Content starts

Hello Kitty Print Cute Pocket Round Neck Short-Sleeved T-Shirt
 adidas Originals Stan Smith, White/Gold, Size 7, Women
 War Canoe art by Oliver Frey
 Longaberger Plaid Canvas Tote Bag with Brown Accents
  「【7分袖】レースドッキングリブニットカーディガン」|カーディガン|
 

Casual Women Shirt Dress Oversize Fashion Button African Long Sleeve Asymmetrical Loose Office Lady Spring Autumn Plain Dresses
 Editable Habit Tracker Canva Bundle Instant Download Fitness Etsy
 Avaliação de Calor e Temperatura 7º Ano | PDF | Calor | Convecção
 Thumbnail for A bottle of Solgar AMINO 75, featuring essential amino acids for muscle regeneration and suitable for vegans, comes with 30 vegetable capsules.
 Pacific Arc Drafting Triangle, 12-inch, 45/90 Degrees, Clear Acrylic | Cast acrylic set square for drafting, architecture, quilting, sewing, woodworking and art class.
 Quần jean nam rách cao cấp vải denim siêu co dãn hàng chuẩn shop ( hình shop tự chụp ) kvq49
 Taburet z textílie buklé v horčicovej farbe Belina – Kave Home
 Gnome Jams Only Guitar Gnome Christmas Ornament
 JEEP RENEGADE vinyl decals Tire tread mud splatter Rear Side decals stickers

Content ends

■ Task goal ■
Copy out the records above exactly.

■ Task solution ■
Hello Kitty Print Cute Pocket Round Neck Short-Sleeved T-Shirt
 adidas Originals Stan Smith, White/Gold, Size 7, Women
 War Canoe art by Oliver Frey
 Longaberger Plaid Canvas Tote Bag with Brown Accents
  「【7分袖】レースドッキングリブニットカーディガン」|カーディガン|
 

Casual Women Shirt Dress Oversize Fashion Button African Long Sleeve Asymmetrical Loose Office Lady Spring Autumn Plain Dresses
 Editable Habit Tracker Canva Bundle Instant Download Fitness Etsy
 Avaliação de Calor e Temperatura 7º Ano | PDF | Calor | Convecção
 Thumbnail for A bottle of Solgar AMINO 75, featuring essential amino acids for muscle regeneration and suitable for vegans, comes with 30 vegetable capsules.
 Pacific Arc Drafting Triangle, 12-inch, 45/90 Degrees, Clear Acrylic | Cast acrylic set square for drafting, architecture, quilting, sewing, woodworking and art class.
 Quần jean nam rách cao cấp vải denim siêu co dãn hàng chuẩn shop ( hình shop tự chụp ) kvq49
 Taburet z textílie buklé v horčicovej farbe Belina – Kave Home
 Gnome Jams Only Guitar Gnome Christmas Ornament
 JEEP RENEGADE vinyl decals Tire tread mud splatter Rear Side decals stickers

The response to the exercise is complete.